Abstract
The International Space Station (ISS) offers remarkable opportunities for scientists to carry out experiments. However, the schedule for astronauts on board is tight, leaving not much time for science. This is one reason why the currently developed space hardwares such as cell culture systems and bioreactors have to demonstrate high levels of automation that save precious crew time. Life-science hardware for space applications has to provide the optimal conditions for biological samples and to ensure proper functionality under microgravity conditions. Furthermore, the hardware has to pass the stringent safety requirements for manned space flights. Before space life-science hardware is ready for the flight, numerous test runs have to be performed to verify its flawless functionality and safety. In this chapter we introduce state-of-the-art instruments as examples of currently used cell culture hardware for space applications.

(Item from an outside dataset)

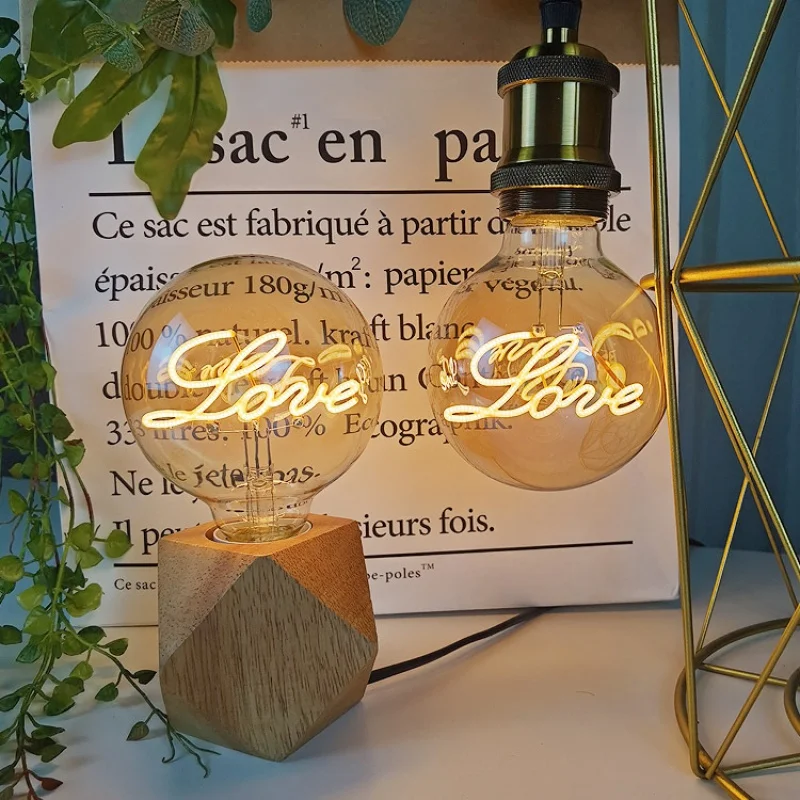 Retro Letter Light para Iluminação Criativa, Golden Warm Light, LED Soft Light, Strip Filamento, Personalidade, E27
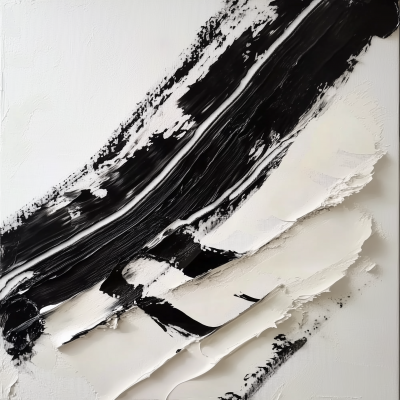 Black and White Brush Strokes Painting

The “PADIAC” blood cell culture chamber was used recently in space to further investigate the behavior of T-lymphocytes to microgravity. The experiences with the “PADIAC” hardware combined with one of our previous studies such as “SACESTRE” are currently being used to develop and build a new piece of space hardware called “YEAST BIOREACTOR”. This instrument will allow yeast cultivation during an extended period of time as well as the exposure of samples periodically to other stressors in addition to microgravity. An analytical tool called “OoClamp” is also introduced to enable the measurement of the electrical properties of living cells under microgravity conditions. This tool is intended as an integrated part of future bioreactors for the on-site verification of the health status of cells, for example. Such a system would be ideal for life-science experiments in space because, without having to bring back the cells, substantial data on cellular processes could be gathered in space.
Keywords: Automation, biotechnology, cell culture systems, lab-on-a-chip.